Lourdes's house is tucked into one of the steep hills that rise out of Cole Valley, a neighborhood in the geographic center of San Francisco, and an expansive view of the city threatens me from every direction. I didn't mind this so much when I first moved in and my fear of heights was relatively easy to ignore, but now I can't help feeling that living here, of all places, is akin to someone deathly allergic to bee stings setting up a picnic under a swarming hive.

Nonetheless, I force myself through the gate and down the street, past the curb that ended my first walk of the day. The steep hill makes me feel woozy. When I catch sight of a nearby café, its sidewalk tables filled with people, my heart races into overdrive, each beat a painful squeeze. If I must deal with the humiliating symptoms of panic, I'd rather face them alone on a quiet street than on a bustling city block. I try to focus my
attention on Giselle, but I'm distracted by the sounds of the café and my imaginary blinders aren't working anymore. I slow my pace, debating whether I can continue in this direction. Giselle stops short and I nearly fall over her. Her nose is buried in a food-stained paper bag on the sidewalk.

“No,” I say, my voice barely a whisper. “Leave it.” I give a little tug on the leash and we keep walking . . . haltingly, because within a few steps she finds a gum wrapper and then a soiled napkin, and I have to keep a close eye on her and repeat myself.
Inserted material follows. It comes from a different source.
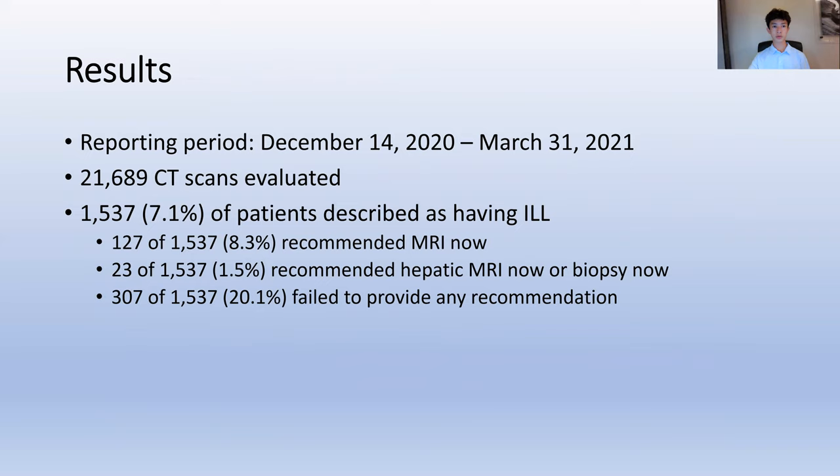Between December 2020 and March 2021, 21,689 CT scans were evaluated. 1,537, or 7.1% of patients, were identified as having incidental liver lesions. Of these, 8.3% of patients had a recommendation of liver MRI now, 1.5% of patients had a recommendation of liver MRI now or biopsy now, and 20.1% of reports failed to provide any recommendation.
When she spots a plastic coffee lid on the ground, I swear she looks up at me and winks before scooping it into her mouth. I grab the lid from her and she releases it easily, tail wagging, her nonchalant strut like a shrug.

Can't blame a girl for trying!
her expression says.

Giselle finally stops scouring the sidewalk long enough for me to look up and get my bearings, and I realize we've passed the café without my even noticing. I turn the corner and we're on our way home.
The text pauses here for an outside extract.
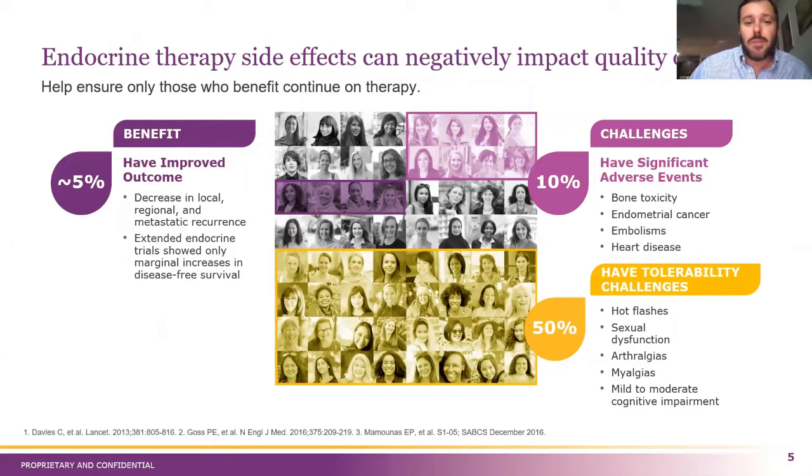With treatment, there's always that balance between benefit and adverse events. For a five percent benefit, we ask: is it worth the fact that 50 percent of women have quality of life and tolerability challenges? Those range from anywhere from bone and joint pain, hot flashes, and sexual dysfunction to even grade three and grade four adverse events. With AIs, you're talking about bone toxicities, new osteoporosis, and fractures. Even with tamoxifen, secondary cancers, pulmonary embolisms, and heart disease can be pretty serious side effects. So really this begs the question: is there a way that we can classify patients to spare those that don't necessarily need to stay on for an additional five years while also identifying those that do?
When Lourdes's fence comes into view again, relief cracks open inside of me, and I allow myself to jog toward the gate. My legs are creaky, sand-filled, after so many inactive months, but it's good to move, to feel my body working with me instead of against me. I push myself into a sprint. Giselle bounds beside me, her funny bouffant bouncing on top of her head.

Back in my apartment, I scrub my hands and gulp down water. I give Giselle another biscuit and make myself a sandwich for lunch. When she finishes the biscuit, Giselle curls into a ball on the rug and within moments she's snoring.

There's another e-mail from Sybil Gainsbury of SuperMutt
Rescue at the top of my in-box. This time, she's writing to tell me that we need to find a new foster-care family for a dog named Seymour. I sigh. It's not the first time Seymour has needed to be moved.

I thought he only had that troublesome leash issue,
Sybil writes,
but it seems he has problems with trains, too! His current foster family lives on the N-Judah line and apparently he wedges himself behind the couch and pees a little each time a train passes the building—every fifteen minutes or so. Poor guy!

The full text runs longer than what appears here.